Microsoft makes billions of dollars each quarter with proprietary software,
but Sun wants to project a different image. "Large enterprises don't want
to get locked into a single vendor," McNealy said. Sun's general philosophy
of openness is aimed at reassuring those customers.
The first step
Sun released a Solaris component called Dynamic Tracing, or DTrace, that
lets experts find software bottlenecks.
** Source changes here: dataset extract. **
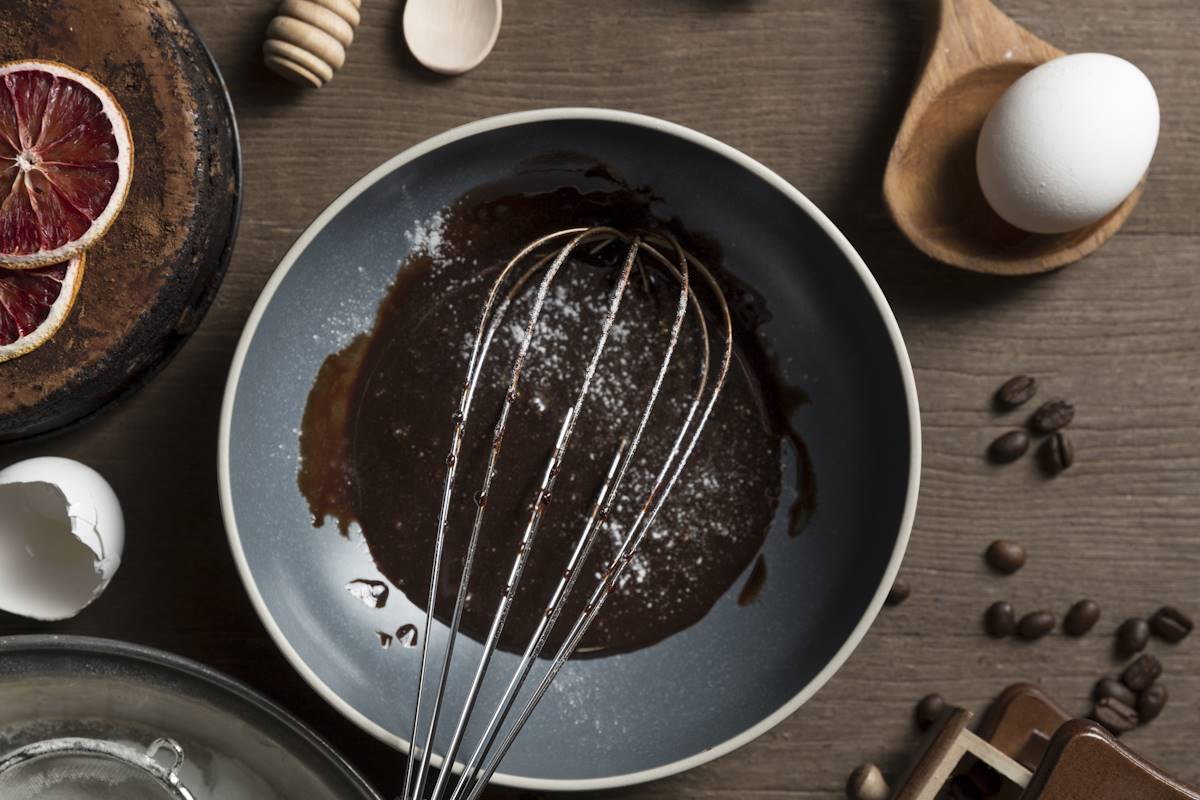 https://ru.freepik.com/free-photo/top-view-pan-with-tasty-chocolate-table_7160991.htm#fromView=image_search_similar&page=2&position=8&uuid=32903c97-3cb2-428e-a936-b9375bbc1e52&query=%D1%88%D0%BE%D0%BA%D0%BE%D0%BB%D0%B0%D0%B4%D0%BD%D1%8B%D0%B9+%D1%84%D0%BE%D0%BD%D0%B4%D0%B0%D0%BD+%D0%B4%D0%BE%D0%BC%D0%B0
The 90,000 lines of DTrace code
will be joined by the remaining 9 million or 10 million lines of Solaris
code in the second quarter of 2004, Sun said.
"Now we're probably the No. 1 donator of lines of code of any organization
anywhere on the planet," McNealy said.
Sun will release OpenSolaris under the Community Development and
Distribution License, or CDDL, a variant of the Mozilla Public License. The
license lets anyone see, change and distribute the software, provided any
changes that are distributed are published.
Unlike the General Public License, or GPL, that governs Linux, software
governed by the CDDL may be mixed with proprietary software without
requiring that proprietary software to be released as open-source software.
And Sun elaborated on its promise not to attack when open-source
programmers use Solaris patents.
"By releasing OpenSolaris...under the CDDL, the open-source community will
immediately gain access to 1,600 active Sun patents for all aspects of
operating system technologies that encompass features ranging from kernel
technology and file systems to network management," Sun said in a
statement.
The patented technology may be freely used in Linux, Sun said. However,
intermingling Linux and OpenSolaris itself from one project to another
isn't likely because of incompatibilities in the CDDL and GPL. "It is
likely that files released under the CDDL will not be able to be combined
with files released under the GPL to create a larger program," Sun said
when it introduced the CDDL.
When Sun patent applications related to OpenSolaris are approved--and
several hundred are in the pipeline--those also will be released for free
use, Sun said. Sun will list the patents as the software using them is
opened.
Linux seller Red Hat and other open-source advocates have objected to
software patents. And a Hewlett-Packard executive has warned that Microsoft
planned to use its patents to attack open-source software.